Function composition failure

I'm working on the solution to this koan. I'm stumped as to why my solution does not work, but using the definition of comp does work. When I look at the definition of comp, I see:

(defn comp
  "Takes a set of functions and returns a fn that is the composition
  of those fns.  The returned fn takes a variable number of args,
  applies the rightmost of fns to the args, the next
  fn (right-to-left) to the result, etc."
  {:added "1.0"}
  ([f] f)
  ([f g]
     (fn
       ([] (f (g)))
       ([x] (f (g x)))
       ([x y] (f (g x y)))
       ([x y z] (f (g x y z)))
       ([x y z & args] (f (apply g x y z args)))))
  ([f g h]
     (fn
       ([] (f (g (h))))
       ([x] (f (g (h x))))
       ([x y] (f (g (h x y))))
       ([x y z] (f (g (h x y z))))
       ([x y z & args] (f (g (apply h x y z args))))))
  ([f1 f2 f3 & fs]
    (let [fs (reverse (list* f1 f2 f3 fs))]
      (fn [& args]
        (loop [ret (apply (first fs) args) fs (next fs)]
          (if fs
            (recur ((first fs) ret) (next fs))
            ret))))))

Whereas my solution is very similar:

(defn mycomp
    ([f] f)
    ([f1 f2]
       (fn
        ([] (f1 (f2)))
        ([a] (f1 (f2 a)))
        ([a & more] (f1 (apply f2 a more)))
       )
     )
    ([f1 f2 & fs]
       (let [fxns (reverse (list f1 f2 fs))]
          (fn [& args]
        (loop [ret (apply (first fxns) args) fxns (next fxns)]
           (if fxns
             (recur ((first fxns) ret) (next fxns))
             ret))))))

The big difference between the two, from what I can tell, is that the first definition composes three or more functions, whereas the second definition composes two or more functions.

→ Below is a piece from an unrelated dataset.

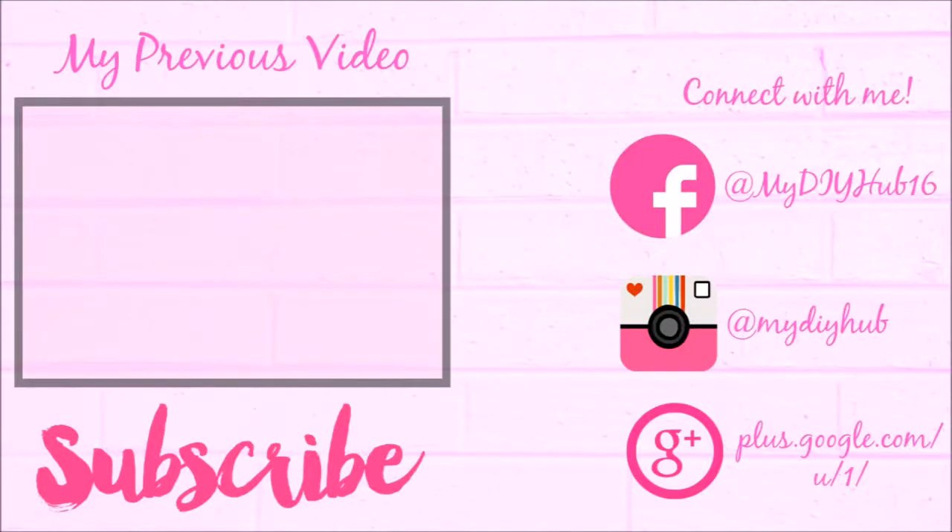Thanks for watching, guys! If you like my videos, please like, share, and subscribe to my channel. Bye guys!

Please point out what is incorrect about my definition.

Upvotes: 3

Views: 200

Answers (1)

amalloy
amalloy

Reputation: 92117

(list f1 f2 fs) looks a likely suspect - the first two are functions, and the last is a list of functions, so you're creating a list containing multiple object types and then treating them uniformly. You could fix that by using list* instead.

But as a broader point: holy jeez, don't try to do "two or more" functions, just do zero or more! No special cases means much less code; clojure.core only has a bunch of unrolled cases for speed. If your skeleton is (fn [& fs] (fn [& args] ...)), your life is much easier.